Лизи проанализировала это слово и решила, что подходит оно идеально. Она соскользнула в какое-то двойное (может, даже тройное) воспоминание. Полное воспоминание. Но в какой-то момент ее воспоминания о холодной спальне для гостей, где она нашла впавшего в кататоническое состояние мужа, и о той ночи, когда они вдвоем лежали на скрипучей кровати на втором этаже отеля «Оленьи рога» (воспоминания, датированные семнадцатью годами ранее, но даже более отчетливые), оборвались. «Ты хочешь пойти посмотреть, Лизи?» – спросил он ее (да, да), но произошедшее после утонуло в ярком пурпурном свете, спряталось за этим занавесом, а когда она потянулась к нему, властные голоса из детства (доброго мамика, папани, всех старших сестер) загомонили в тревоге: «Нет, Лизи! Ты и так зашла слишком далеко, Лизи! Остановись, Лизи!»
У нее перехватило дыхание (так же перехватывало, когда она лежала в постели со своим возлюбленным?).
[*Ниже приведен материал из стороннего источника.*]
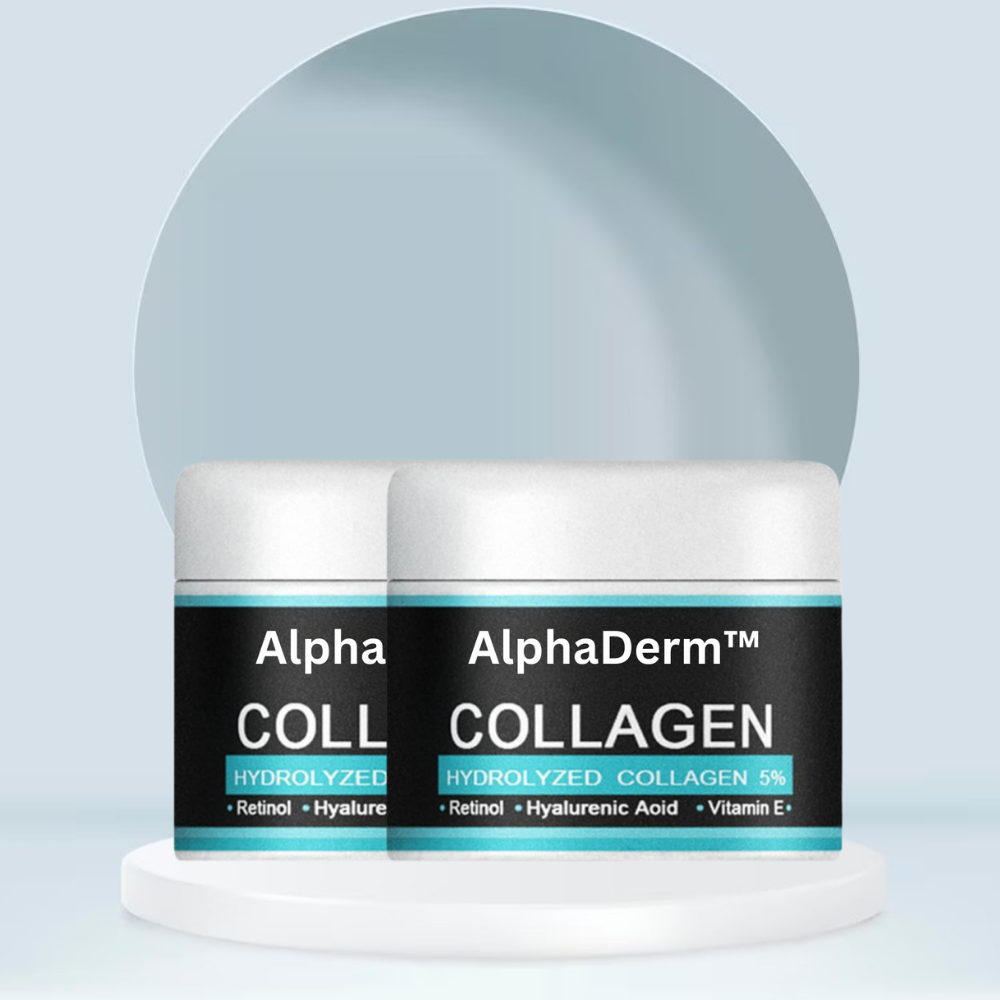 AlphaDerm™ | קרם קולגן
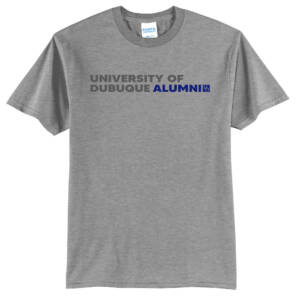 UD Alumni Unisex Short Sleeve T Shirt – Athletic Heather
Ее глаза открылись (они были широко открыты, когда он обнял ее, в этом Лизи ни капли не сомневалась).
Яркий свет июньского утра (июньского утра двадцать первого века) сменил сверкающий пурпур миллиарда люпинов. Вместе с июньским светом вернулась и боль в изрезанной груди. Но, прежде чем Лизи успела отреагировать на свет или на панические голоса, запрещающие ей идти дальше, кто-то позвал ее из амбара, снизу, так сильно напугав, что она едва удержалась от крика. Если бы голос произнес: «Миссас», – она бы точно закричала.